The library bibliographic data market: rights, responsibilities, and restrictions

Who owns your library catalogue data? And what are you allowed to do with it?

During the last few decades, many libraries have adopted a strategy where they have decreased their reliance on in-house cataloguing effort and have preferred to purchase the majority of their bibliographic records from a range of service providers. While sometimes this data might be purchased outright, more often it is licensed and reuse restricted.

Many libraries will alter or amend the data they receive to meet localised needs or to align with institutional practice, thereby subtly or sometimes significantly changing the original record. Libraries may obtain records from multiple suppliers and those suppliers often obtain an original base record from another source and then add data to the record in the same way that libraries do. So, from a library perspective, there is strong sense that assertions of ownership may not be well-founded once records begin to pass along a chain – or multiple chains – of stewardship.

And that is presuming that you know what the licensing conditions are for a particular record. Libraries who have not traditionally shared their data with union catalogues or aggregators, or for who doing so was not an option, may not have preserved the provenance data. The terms of licenses signed many years ago may have been lost. And although some libraries who create their own catalogue records are assigning licenses (such as CC0) to them, many do not.

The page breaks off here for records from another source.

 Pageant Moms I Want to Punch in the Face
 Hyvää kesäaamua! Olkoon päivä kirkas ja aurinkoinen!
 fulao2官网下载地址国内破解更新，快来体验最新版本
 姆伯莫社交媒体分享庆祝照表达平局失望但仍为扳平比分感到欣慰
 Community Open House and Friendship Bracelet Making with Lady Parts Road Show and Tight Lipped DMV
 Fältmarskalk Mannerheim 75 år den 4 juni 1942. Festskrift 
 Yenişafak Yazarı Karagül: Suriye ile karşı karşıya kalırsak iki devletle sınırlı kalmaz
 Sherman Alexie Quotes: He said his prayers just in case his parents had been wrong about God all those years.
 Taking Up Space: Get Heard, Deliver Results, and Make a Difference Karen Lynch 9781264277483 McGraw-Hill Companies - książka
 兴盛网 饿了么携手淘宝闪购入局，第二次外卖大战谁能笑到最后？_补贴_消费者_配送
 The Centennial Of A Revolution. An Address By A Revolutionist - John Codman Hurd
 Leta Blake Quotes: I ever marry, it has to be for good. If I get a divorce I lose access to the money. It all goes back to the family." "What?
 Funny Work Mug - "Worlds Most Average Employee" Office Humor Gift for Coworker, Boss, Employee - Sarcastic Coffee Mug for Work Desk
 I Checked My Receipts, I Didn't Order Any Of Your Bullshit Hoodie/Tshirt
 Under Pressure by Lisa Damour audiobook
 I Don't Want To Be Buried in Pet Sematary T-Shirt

Add to this the difficulty that data may be eligible for reuse in some formats (eg HTML) but not others (MARC), that some records may be reused singly but not in bulk, and that different bodies may have different reuse rights, and the library data ecosystem becomes extremely complicated. It’s a complexity that we have to deal with, if the NBK is to be successful in its goal of improving prospects for the sharing and reuse of bibliographic data across the library data marketplace.

To help us with this, we’re very pleased to have Ken Chad doing a consultancy project exploring the library bibliographic data ecosystem. Ken’s project is running until October, and should provide us with some direction through these thorny issues. We’re also convening a Library Data Rights working group of representatives from the library community, to guide and inform this work.